:: Data provided ::
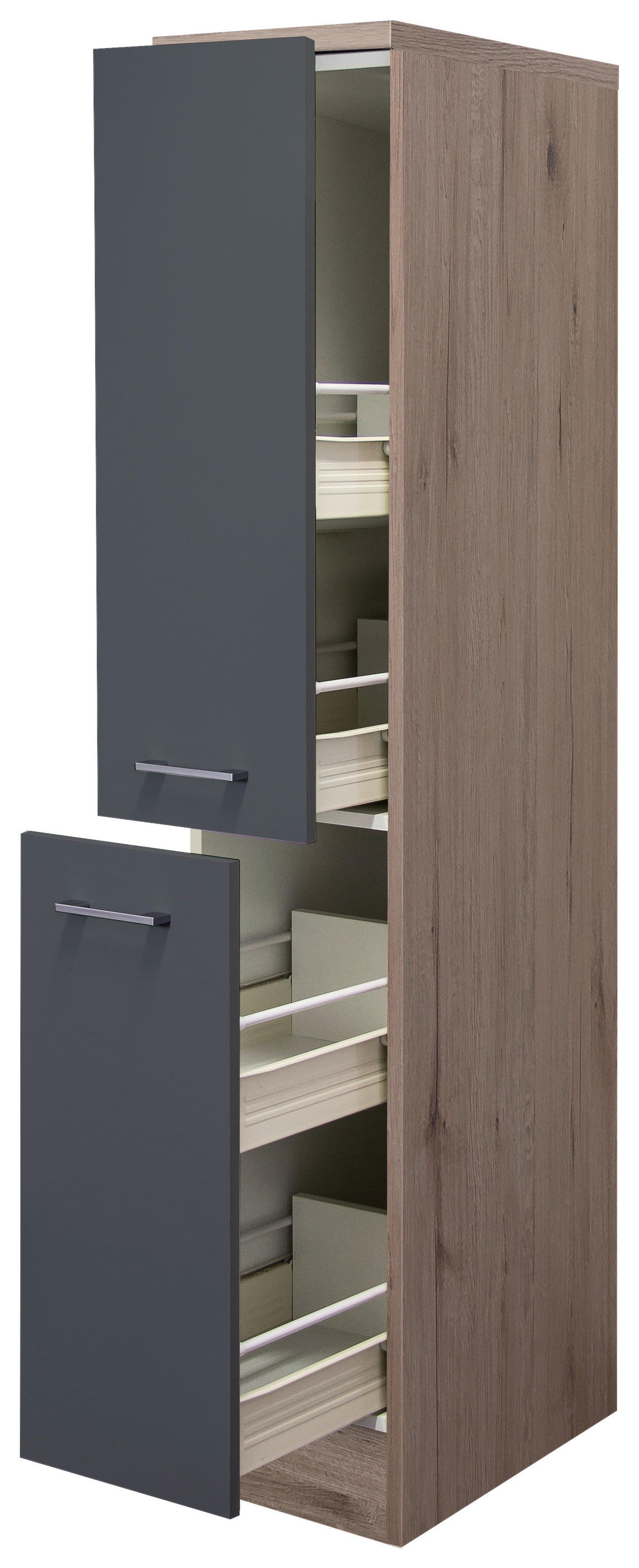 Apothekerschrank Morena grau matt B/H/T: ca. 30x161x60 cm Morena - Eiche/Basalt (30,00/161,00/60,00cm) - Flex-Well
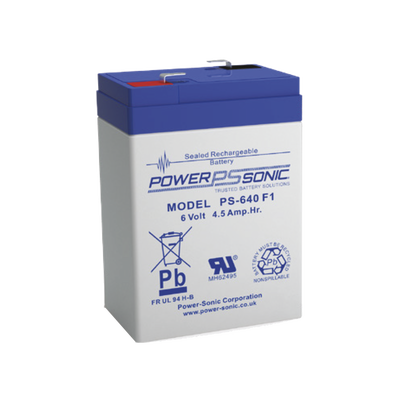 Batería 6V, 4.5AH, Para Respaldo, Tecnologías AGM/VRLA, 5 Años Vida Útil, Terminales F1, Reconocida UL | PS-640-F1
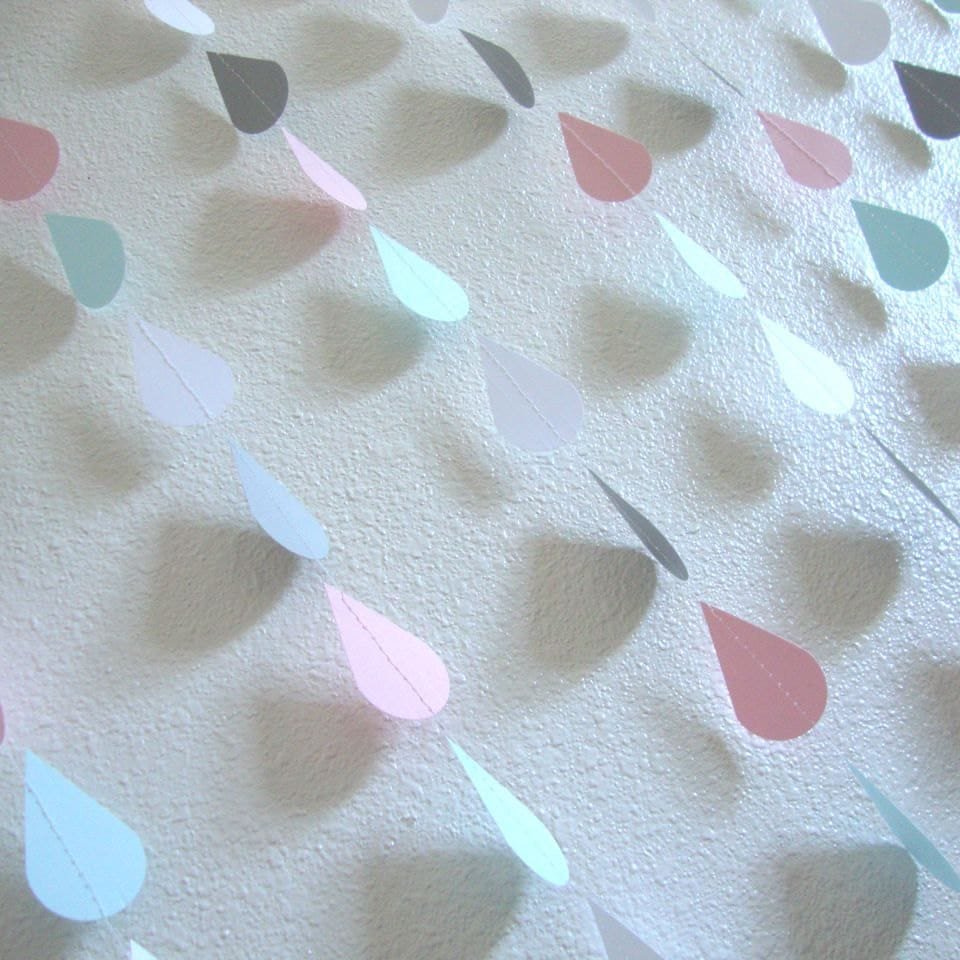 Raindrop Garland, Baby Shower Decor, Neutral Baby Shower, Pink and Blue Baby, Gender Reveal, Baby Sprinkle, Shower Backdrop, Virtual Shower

:: What the task requires ::
Wherever a picture appears in the material above, skip it and copy the rest without change.

:: Answer box ::
 Apothekerschrank Morena grau matt B/H/T: ca. 30x161x60 cm Morena - Eiche/Basalt (30,00/161,00/60,00cm) - Flex-Well
 Batería 6V, 4.5AH, Para Respaldo, Tecnologías AGM/VRLA, 5 Años Vida Útil, Terminales F1, Reconocida UL | PS-640-F1
 Raindrop Garland, Baby Shower Decor, Neutral Baby Shower, Pink and Blue Baby, Gender Reveal, Baby Sprinkle, Shower Backdrop, Virtual Shower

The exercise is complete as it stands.